So I'm reading Knuth's 'Discrete Mathematics' at the moment and there's a paragraph detailing how many solutions are there for $x^{2} \equiv 1 \pmod{p}$.
So other cases (when $p$ is an odd prime or when p is equal to $2$ or $4$) are clear to me, but I'm having trouble wrapping my head around the case when $p=2^{k}$ with $3 \leq k$.
Here's what's troubling me
If $2^{k}|(x - 1)(x + 1)$ then either $(x - 1)$ or $(x + 1)$ is divisible by $2$ but not by $4$, so the other one must be divisible by $2^{k-1}$.
How come?
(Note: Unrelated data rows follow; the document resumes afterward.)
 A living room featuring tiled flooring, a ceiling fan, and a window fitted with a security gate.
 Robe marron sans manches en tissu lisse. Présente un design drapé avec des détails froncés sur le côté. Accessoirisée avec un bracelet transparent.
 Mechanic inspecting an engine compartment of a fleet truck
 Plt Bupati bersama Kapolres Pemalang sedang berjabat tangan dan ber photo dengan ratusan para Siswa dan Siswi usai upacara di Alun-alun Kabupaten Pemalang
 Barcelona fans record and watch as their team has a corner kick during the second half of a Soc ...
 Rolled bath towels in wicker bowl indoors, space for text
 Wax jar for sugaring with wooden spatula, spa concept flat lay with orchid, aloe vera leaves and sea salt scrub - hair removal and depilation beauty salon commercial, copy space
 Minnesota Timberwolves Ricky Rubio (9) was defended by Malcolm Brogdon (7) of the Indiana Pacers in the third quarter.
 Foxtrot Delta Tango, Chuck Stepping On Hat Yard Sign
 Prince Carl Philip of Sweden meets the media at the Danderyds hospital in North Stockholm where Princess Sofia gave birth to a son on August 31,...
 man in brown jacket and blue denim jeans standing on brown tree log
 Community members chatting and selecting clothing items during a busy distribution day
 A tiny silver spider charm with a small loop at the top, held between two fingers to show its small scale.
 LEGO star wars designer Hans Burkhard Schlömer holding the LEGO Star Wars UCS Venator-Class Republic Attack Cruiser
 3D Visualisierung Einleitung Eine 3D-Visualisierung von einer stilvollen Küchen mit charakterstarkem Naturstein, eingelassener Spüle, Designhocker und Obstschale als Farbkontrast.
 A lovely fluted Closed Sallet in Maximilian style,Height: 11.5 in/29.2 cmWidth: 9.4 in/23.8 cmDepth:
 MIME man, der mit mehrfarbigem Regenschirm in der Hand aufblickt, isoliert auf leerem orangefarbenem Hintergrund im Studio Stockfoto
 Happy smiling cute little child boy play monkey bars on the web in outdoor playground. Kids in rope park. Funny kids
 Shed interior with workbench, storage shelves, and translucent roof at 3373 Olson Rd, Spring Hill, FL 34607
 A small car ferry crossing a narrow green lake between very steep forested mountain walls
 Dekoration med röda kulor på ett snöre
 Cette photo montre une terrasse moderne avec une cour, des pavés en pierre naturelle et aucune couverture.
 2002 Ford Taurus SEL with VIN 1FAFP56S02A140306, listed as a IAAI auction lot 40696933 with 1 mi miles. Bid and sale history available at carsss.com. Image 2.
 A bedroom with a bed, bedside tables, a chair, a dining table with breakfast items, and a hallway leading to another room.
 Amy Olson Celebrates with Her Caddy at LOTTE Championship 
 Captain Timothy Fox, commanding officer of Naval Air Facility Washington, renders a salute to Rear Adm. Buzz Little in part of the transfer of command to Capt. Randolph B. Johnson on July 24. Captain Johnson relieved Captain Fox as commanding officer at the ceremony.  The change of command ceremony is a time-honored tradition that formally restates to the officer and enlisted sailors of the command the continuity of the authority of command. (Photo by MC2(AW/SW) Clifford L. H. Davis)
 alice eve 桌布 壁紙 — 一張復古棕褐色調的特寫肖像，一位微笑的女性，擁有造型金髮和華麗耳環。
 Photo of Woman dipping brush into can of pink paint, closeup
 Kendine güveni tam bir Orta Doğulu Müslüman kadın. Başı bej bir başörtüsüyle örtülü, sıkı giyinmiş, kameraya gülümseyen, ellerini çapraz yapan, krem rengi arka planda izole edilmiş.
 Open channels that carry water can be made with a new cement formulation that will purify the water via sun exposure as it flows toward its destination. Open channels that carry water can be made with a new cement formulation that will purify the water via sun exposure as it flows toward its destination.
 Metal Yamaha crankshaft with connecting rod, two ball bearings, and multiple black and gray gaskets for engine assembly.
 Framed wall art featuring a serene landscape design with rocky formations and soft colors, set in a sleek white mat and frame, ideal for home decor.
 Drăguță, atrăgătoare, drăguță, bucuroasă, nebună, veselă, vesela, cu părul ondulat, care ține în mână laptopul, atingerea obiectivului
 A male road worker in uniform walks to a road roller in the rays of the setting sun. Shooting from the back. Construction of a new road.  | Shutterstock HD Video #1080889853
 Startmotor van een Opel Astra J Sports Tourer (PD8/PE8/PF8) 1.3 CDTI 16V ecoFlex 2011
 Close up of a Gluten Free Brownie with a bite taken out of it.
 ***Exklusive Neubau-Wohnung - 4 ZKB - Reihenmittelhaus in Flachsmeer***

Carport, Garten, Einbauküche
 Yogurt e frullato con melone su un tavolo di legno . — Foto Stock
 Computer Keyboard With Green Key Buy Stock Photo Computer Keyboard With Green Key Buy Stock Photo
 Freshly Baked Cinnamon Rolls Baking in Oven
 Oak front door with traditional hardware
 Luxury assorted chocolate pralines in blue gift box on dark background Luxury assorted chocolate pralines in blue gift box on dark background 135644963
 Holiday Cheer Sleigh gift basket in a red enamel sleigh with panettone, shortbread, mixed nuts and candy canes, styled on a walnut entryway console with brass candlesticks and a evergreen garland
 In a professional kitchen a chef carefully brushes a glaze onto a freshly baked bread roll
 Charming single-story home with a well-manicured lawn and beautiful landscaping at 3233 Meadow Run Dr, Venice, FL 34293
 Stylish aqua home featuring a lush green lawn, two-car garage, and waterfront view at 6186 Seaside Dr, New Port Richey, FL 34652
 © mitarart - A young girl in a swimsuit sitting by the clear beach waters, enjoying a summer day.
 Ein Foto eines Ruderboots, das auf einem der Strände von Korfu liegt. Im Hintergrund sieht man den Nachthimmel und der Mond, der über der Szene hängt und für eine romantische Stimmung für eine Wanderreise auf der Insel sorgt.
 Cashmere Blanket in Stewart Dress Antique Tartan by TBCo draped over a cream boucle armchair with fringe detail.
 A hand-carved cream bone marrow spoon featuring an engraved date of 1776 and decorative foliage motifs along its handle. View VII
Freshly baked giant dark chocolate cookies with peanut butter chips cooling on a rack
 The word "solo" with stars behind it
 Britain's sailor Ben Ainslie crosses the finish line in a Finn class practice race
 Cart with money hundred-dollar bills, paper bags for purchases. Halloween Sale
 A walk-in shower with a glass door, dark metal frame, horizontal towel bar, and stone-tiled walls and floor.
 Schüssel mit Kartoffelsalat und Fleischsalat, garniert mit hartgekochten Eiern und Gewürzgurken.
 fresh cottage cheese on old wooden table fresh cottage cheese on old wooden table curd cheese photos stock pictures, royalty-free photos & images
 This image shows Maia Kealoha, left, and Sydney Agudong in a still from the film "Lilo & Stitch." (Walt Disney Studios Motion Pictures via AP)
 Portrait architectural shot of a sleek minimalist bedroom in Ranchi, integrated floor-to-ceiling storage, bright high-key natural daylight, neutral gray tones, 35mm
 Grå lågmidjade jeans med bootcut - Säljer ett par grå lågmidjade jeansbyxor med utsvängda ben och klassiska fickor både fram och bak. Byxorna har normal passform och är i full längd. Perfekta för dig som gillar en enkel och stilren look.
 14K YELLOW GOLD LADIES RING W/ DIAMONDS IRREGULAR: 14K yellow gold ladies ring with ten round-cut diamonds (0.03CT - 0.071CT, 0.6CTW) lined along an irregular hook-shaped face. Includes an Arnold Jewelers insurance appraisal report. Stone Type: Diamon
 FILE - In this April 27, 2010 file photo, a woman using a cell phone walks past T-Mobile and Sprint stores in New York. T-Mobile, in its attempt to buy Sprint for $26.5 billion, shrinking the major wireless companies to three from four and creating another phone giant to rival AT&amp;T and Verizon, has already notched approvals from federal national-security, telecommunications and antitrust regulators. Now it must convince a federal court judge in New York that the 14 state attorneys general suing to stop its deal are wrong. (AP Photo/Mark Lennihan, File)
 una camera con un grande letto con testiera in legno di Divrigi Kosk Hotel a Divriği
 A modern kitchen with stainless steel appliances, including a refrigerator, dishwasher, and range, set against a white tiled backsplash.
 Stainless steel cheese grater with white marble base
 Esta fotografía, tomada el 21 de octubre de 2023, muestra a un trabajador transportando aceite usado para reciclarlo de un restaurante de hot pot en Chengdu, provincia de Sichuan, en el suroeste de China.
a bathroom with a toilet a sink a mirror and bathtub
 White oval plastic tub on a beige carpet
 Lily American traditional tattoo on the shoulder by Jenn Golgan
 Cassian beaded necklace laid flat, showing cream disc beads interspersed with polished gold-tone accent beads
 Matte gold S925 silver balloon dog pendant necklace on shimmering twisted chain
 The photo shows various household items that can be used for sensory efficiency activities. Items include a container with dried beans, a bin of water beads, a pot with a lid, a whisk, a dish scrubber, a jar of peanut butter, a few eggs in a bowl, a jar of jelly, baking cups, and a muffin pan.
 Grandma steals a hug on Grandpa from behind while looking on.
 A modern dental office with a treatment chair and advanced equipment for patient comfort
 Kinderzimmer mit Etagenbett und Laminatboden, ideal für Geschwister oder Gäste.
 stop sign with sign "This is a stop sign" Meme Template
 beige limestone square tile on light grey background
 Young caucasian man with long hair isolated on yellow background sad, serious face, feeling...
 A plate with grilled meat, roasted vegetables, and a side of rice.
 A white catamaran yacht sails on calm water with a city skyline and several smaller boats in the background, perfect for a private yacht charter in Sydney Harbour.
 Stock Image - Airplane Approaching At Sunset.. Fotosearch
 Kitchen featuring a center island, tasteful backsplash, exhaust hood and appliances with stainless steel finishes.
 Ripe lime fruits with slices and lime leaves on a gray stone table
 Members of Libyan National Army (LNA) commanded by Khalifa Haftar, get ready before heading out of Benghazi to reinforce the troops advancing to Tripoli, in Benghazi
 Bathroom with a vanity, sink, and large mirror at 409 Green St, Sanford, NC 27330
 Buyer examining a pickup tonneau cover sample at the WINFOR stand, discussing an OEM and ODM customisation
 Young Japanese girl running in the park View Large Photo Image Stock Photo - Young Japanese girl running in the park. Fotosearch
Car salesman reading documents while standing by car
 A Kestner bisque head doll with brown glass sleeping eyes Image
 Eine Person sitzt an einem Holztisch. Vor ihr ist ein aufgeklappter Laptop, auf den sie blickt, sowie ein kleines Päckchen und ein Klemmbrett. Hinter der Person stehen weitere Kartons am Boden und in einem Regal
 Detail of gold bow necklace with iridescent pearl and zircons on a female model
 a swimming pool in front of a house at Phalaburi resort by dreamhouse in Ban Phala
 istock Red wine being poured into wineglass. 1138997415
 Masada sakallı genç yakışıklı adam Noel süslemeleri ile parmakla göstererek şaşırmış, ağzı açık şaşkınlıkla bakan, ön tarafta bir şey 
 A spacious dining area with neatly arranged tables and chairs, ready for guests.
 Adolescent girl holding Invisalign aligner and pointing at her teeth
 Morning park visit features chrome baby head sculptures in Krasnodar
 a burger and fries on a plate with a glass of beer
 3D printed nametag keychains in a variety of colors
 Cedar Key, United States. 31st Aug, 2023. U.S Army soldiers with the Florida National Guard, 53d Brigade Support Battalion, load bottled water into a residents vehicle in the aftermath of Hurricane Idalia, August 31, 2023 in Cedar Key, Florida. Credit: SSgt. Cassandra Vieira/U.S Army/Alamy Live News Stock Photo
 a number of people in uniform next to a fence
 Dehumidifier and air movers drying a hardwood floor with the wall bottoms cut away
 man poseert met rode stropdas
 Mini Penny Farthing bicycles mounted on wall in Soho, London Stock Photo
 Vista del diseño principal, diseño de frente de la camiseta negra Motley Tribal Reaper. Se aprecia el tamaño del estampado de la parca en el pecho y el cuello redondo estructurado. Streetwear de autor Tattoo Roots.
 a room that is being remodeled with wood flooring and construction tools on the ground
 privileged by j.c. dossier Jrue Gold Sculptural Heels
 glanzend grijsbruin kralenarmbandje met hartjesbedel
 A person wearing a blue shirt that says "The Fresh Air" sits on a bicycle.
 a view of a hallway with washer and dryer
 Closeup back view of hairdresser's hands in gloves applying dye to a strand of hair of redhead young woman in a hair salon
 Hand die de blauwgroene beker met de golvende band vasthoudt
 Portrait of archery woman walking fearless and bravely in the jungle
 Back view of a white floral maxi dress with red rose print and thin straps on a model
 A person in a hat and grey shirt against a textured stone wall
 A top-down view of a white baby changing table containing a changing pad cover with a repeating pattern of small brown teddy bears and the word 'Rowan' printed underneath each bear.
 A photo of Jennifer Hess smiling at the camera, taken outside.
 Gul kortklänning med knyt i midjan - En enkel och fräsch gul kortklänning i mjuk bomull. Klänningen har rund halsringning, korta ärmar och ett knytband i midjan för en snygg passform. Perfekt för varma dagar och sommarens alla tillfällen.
I don't see that at all...
In general, there are cases in which neither $x+1$ nor $x-1$ is divisible by $2$ (take $x$ to be an even number).
It is given that $2^k | (x+1)(x-1) $.
Suppose neither $x+1$ nor $x-1$ is divided by $2$, then $2$ does not divide $(x+1)(x-1)$. So, there is no point of considering $2^k | (x+1)(x-1)$.
So, without loss of generality, suppose $2$ divides $x+1$
suppose both $(x+1)$ and $(x-1)$ are divisible by $4$ then, we should have $2^{2m} |(x+1)(x-1) $ which need not be the case always... (it is not specified that power of $2$ is even)
So, we can suppose $x+1$ is divisible by $2$ but not by $4$.
So, we should have $2^{k-1} | (x+1)$